3. If more than one neighborhood can exist in one postal code area then combined them into one row with the neighborhoods separated with a comma.

In [5]:
data = []
for i in range(1,len(rows)):
    tds = rows[i].find_all('td')
    temp = [td.text.replace('\n', '') for td in tds] #Clean data ie remove 'next line' character
    if temp[1]!='Not assigned': #Case 1
        data.append(temp)
        if temp[2] == 'Not assigned': # Case 2
            temp[2] = temp[1]
        temp[2] = temp[2].replace(' /', ',') #Case 3
#         print(temp)    

In [6]:
data[:3]

[['M3A', 'North York', 'Parkwoods'],
 ['M4A', 'North York', 'Victoria Village'],
 ['M5A', 'Downtown Toronto', 'Regent Park, Harbourfront']]
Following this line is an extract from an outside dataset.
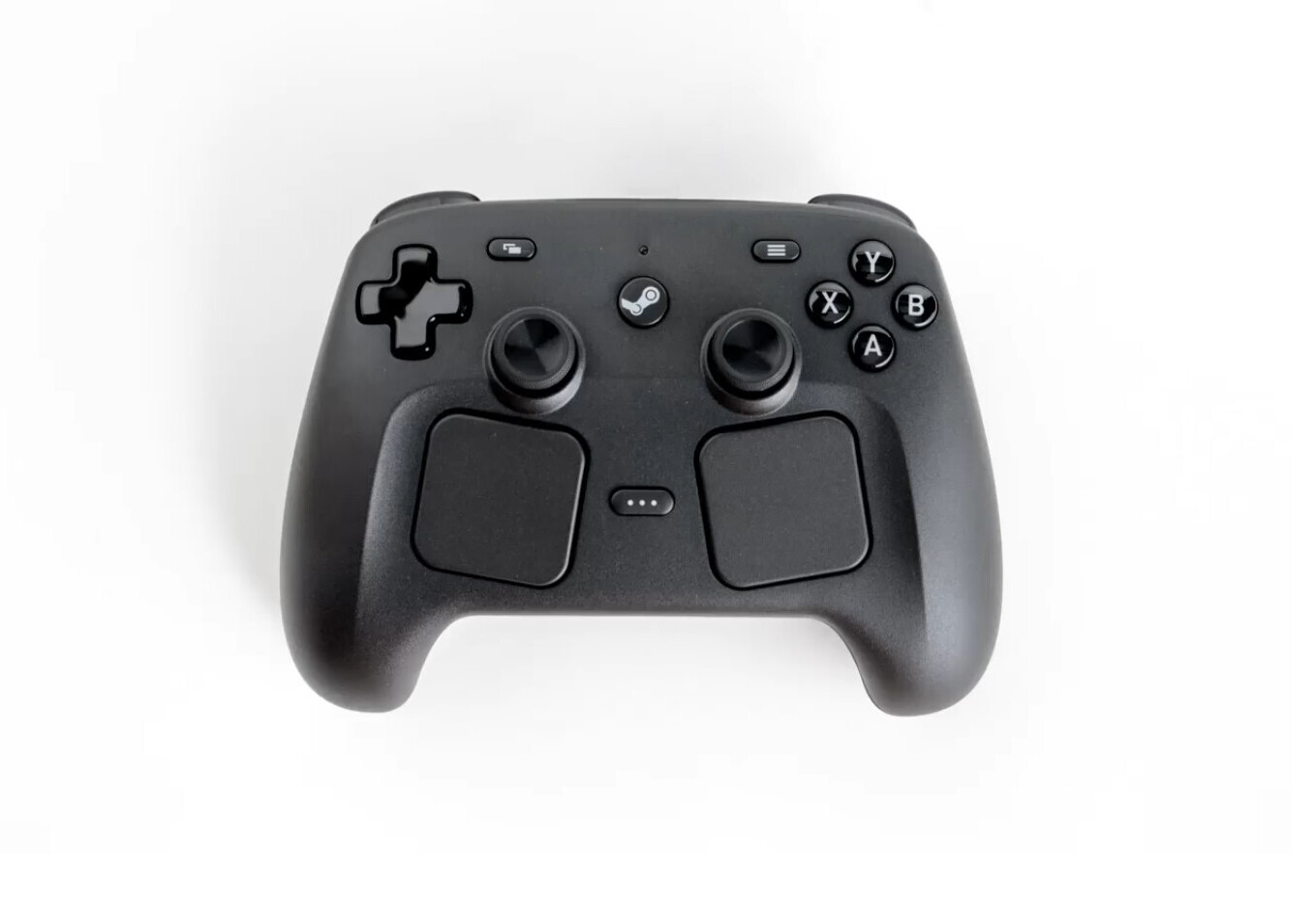 Overhead product photo of the 2026 Steam Controller: black body with D-pad, dual thumbsticks, ABXY cluster, Steam button, and two large square trackpads below the sticks.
Create DataFrame of the list created.

In [7]:
postal_df = pd.DataFrame(data, columns=columns)
postal_df.head()

Unnamed: 0,Postal code,Borough,Neighborhood
0,M3A,North York,Parkwoods
1,M4A,North York,Victoria Village
2,M5A,Downtown Toronto,"Regent Park, Harbourfront"
3,M6A,North York,"Lawrence Manor, Lawrence Heights"
4,M7A,Downtown Toronto,"Queen's Park, Ontario Provincial Government"


Print the shape of DataFrame

In [8]:
postal_df.shape

(103, 3)